Since 2006, Baldson (Slashdot reader #78,598) has been involved in the ongoing challenge of compressing 100 MB of Wikipedia excerpts (roughly the amount a human can read in a single document). We are part of the team that validates the Footer Award for Lossless Compression. lifetime).
“The purpose of this award is to encourage the development of intelligent compressors/programs as a path to artificial general intelligence,” the project website explains. Fifteen years ago, Baldrson wrote a Slashdot post explaining the logic (titled “Compressing Wikipedia earns him an AI award”).
The basic theory that Hutter proved is that, after a set of observations, the optimal move by the AI is to find the smallest program that predicts those observations, and then assume that the environment is controlled by that program. Think of it like Occam's razor on steroids.
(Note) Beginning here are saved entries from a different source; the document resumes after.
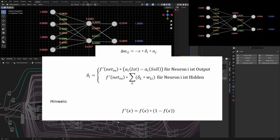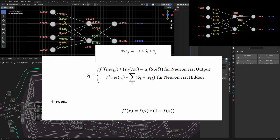When we calculate delta i, we must distinguish between an output neuron or a neuron in the hidden layer. In the case of an output neuron, we calculate the output value and subtract the correct output — this error is then multiplied with the derivation of the activation function applied to the net input. In case neuron i is in the hidden layer, the calculation is more complex: we need the derivation of the net input multiplied with the sum of delta l multiplied with the weight from neuron i to neuron l, requiring all connections to neurons in the following layer and their delta values.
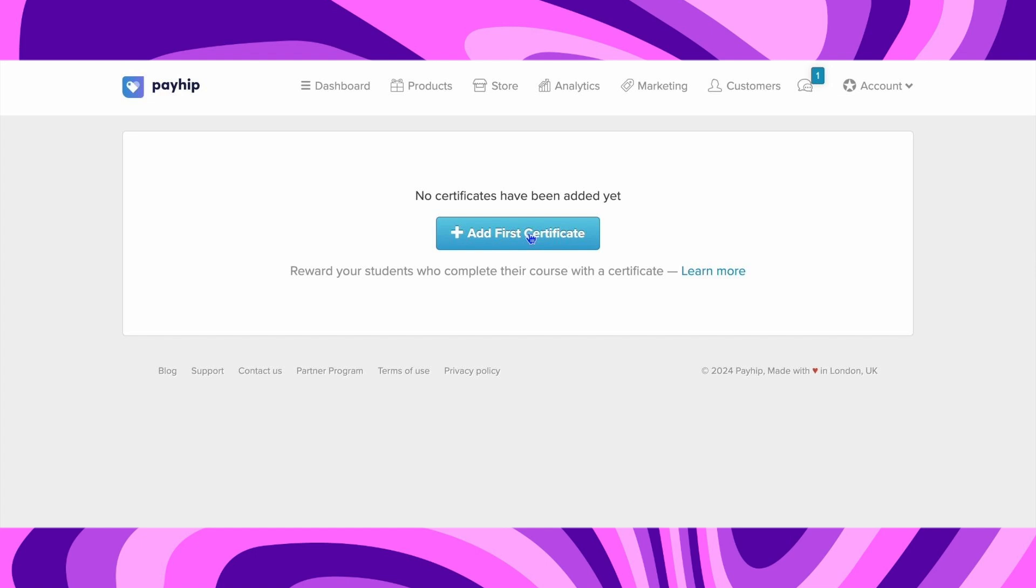Once everything is done to your liking, go to the right and click on Publish. And there you go! If you guys found this video helpful, make sure to leave a like and subscribe to our channel. I'll see you all in the next one, goodbye.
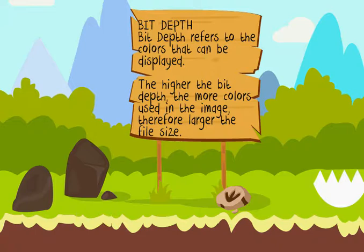Bit Depth refers to the colors that can be displayed. The higher the bit depth, the more colors used in the image, and therefore the larger the file size.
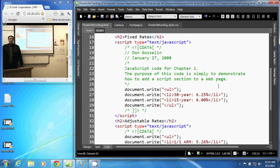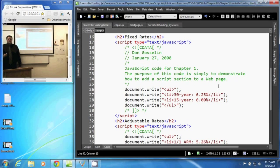In this video, we are going to discuss comments for JavaScript. Now, there are two types of comments we're going to discuss here. One are single line comments, the other is multi-line comments.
The prize amount also increases depending on the method many Compression is achieved. (That is, if you compress a 1 GB file by x% over the current record, you will receive x% of the prize money…) The first award was given to him in 2006. And now Baldrson writes:
Kaido Orav improved his footer award for Lossless Compression of Human Knowledge by 1.38% with his “fx-cmix” entry.
This year's winner came just six months after the previous winner, and competition appears to be heating up. This is all the more impressive because each improvement in the benchmark approaches an (unknown) minimum size of the data, called the Kolmogorov complexity.